東日本大震災アーカイブ

問診票の回収低調 県民健康管理調査 当時の記憶薄れる

 県は東京電力福島第一原発事故による放射線の影響を踏まえ、県民の健康を長期にわたって見守る「県民健康管理調査」を実施している。

 基本調査として、昨年6月から東日本大震災が発生した昨年3月11日以降の行動記録に関する問診票の配布、回収を進めているが、低調だ。先行調査地区の1月31日現在の回収率は川俣町山木屋地区56・3%、浪江町53・6%、飯舘村46・3%。仕事などで忙しくて記入や提出を忘れているケースや、行動記録を問診票に記入する際、当時の記憶があいまいなため、書くのがおっくうになっている人が多いとみられる。

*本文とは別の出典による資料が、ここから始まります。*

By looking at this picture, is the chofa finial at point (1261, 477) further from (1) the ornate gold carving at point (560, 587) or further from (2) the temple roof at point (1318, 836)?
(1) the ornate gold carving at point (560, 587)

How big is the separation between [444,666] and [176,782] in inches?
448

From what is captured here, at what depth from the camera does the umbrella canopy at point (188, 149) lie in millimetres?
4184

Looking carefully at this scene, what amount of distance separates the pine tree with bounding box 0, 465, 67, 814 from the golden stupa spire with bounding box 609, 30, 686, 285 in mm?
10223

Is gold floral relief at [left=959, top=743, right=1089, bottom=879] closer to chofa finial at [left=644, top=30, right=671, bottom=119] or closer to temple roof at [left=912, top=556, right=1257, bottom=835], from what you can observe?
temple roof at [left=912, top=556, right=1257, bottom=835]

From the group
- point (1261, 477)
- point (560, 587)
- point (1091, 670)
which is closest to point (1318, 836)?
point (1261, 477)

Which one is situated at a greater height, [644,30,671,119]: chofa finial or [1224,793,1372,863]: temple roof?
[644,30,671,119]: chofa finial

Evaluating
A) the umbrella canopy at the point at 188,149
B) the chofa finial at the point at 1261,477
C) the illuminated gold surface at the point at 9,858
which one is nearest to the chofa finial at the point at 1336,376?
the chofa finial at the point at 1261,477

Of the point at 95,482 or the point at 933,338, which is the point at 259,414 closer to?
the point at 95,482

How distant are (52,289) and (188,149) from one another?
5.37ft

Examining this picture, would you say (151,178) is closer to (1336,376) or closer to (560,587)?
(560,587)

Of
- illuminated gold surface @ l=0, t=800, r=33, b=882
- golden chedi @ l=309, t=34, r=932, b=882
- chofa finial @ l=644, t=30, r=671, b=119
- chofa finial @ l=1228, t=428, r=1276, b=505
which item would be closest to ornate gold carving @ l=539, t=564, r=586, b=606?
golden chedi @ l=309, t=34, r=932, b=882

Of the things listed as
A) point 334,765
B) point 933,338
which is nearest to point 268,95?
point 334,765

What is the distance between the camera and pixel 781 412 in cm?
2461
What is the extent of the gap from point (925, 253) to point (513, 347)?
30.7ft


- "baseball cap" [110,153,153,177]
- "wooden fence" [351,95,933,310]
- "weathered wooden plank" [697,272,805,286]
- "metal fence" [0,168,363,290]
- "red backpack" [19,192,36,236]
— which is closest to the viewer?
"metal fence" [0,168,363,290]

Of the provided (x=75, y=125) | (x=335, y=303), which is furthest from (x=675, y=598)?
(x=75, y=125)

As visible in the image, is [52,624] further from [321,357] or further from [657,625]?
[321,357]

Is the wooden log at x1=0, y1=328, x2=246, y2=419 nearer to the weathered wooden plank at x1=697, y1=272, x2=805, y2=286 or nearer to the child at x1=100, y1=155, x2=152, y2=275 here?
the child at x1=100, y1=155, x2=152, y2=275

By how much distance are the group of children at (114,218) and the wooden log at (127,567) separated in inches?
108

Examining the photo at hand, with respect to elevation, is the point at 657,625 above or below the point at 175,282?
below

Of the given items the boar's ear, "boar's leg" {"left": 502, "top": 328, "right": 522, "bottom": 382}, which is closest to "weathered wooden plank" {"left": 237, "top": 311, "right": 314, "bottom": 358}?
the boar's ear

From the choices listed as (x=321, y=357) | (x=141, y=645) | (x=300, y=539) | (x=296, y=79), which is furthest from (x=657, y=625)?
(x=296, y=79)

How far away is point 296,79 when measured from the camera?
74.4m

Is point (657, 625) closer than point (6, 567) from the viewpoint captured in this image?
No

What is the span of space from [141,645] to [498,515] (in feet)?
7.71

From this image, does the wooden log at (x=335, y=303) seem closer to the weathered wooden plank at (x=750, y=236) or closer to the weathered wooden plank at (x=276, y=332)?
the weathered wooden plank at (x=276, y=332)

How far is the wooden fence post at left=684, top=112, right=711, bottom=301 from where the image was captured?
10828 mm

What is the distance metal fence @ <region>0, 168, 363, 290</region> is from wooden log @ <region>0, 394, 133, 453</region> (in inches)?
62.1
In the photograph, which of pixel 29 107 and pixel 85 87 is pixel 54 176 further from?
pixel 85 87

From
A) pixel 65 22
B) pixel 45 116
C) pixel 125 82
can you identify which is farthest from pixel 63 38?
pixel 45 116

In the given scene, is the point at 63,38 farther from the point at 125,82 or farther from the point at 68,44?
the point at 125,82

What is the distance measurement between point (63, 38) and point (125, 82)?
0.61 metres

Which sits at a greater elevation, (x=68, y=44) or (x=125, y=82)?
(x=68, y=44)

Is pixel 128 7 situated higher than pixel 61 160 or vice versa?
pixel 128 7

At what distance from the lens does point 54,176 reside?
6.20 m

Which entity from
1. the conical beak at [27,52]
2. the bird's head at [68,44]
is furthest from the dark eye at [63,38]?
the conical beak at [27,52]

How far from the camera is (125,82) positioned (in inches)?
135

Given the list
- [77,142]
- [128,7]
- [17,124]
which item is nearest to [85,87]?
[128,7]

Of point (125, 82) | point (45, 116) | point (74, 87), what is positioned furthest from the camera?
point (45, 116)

 先行調査対象の浪江、飯舘両町村と川俣町山木屋地区の住民合わせて1万468人に関し、県は2月21日、原発事故後四カ月間に受けた外部被ばく線量の推計値を発表した。原発関係など放射線業務従事経験者を除く9747人の57・8%に当たる5636人が、国が通常時の年間被ばく線量の上限とする1ミリシーベルトを下回った。一方で女性2人が避難の目安となる20ミリシーベルトを超えた。

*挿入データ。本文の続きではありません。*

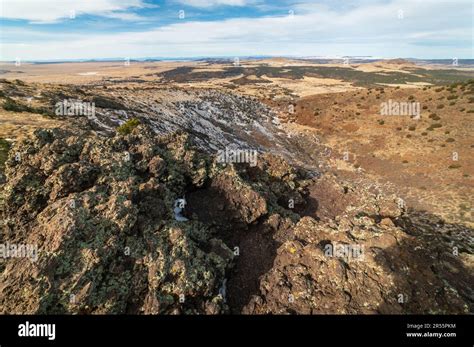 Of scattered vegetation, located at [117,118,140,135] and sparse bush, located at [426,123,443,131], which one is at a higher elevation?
sparse bush, located at [426,123,443,131]

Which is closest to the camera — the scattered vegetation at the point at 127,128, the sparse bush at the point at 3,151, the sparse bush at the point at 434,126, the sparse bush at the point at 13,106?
the sparse bush at the point at 3,151

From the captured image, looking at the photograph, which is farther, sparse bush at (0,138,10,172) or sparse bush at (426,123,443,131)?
sparse bush at (426,123,443,131)

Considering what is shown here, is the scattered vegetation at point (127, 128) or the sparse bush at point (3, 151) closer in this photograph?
the sparse bush at point (3, 151)

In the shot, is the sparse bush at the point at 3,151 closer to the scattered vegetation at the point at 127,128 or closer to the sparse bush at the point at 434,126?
the scattered vegetation at the point at 127,128

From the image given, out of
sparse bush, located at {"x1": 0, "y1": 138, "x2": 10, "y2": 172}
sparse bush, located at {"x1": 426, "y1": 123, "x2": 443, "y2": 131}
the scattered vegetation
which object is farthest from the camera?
sparse bush, located at {"x1": 426, "y1": 123, "x2": 443, "y2": 131}

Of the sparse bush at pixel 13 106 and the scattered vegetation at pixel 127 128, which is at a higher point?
the sparse bush at pixel 13 106

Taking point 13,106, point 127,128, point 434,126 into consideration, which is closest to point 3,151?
point 127,128

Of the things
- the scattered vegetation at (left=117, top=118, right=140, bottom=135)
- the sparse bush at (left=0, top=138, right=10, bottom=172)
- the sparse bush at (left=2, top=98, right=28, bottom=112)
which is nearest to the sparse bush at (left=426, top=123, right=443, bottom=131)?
the scattered vegetation at (left=117, top=118, right=140, bottom=135)

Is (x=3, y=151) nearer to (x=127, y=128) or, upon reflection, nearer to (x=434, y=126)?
(x=127, y=128)

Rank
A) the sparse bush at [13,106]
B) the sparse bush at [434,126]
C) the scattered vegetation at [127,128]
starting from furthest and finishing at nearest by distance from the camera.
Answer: the sparse bush at [434,126] < the sparse bush at [13,106] < the scattered vegetation at [127,128]

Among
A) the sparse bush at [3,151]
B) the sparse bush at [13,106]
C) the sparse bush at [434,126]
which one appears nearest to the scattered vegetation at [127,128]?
the sparse bush at [3,151]

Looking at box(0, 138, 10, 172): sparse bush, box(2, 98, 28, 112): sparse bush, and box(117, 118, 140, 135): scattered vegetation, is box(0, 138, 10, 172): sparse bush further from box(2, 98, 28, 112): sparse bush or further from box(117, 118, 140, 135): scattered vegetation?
box(2, 98, 28, 112): sparse bush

 調査のもう一つの柱が子どもの甲状腺検査だ。対象は原発事故発生当時に0~18歳の子ども約36万人。昨年10月にスタートし、26年3月までに全県で順次、超音波検査を実施している。福島医大によると、現段階で放射線の影響は考えにくいが、現状を把握して将来的な健康管理に結び付ける。

 先行して実施した浪江、飯舘両町村、川俣町山木屋地区対象の検査では、悪性が疑われ、直ちに再検査が必要な「C」判定を受けた子どもはいなかった。ある程度大きな良性のしこりなどが見つかった「B」判定の26人は3月以降に詳細な二次検査をする。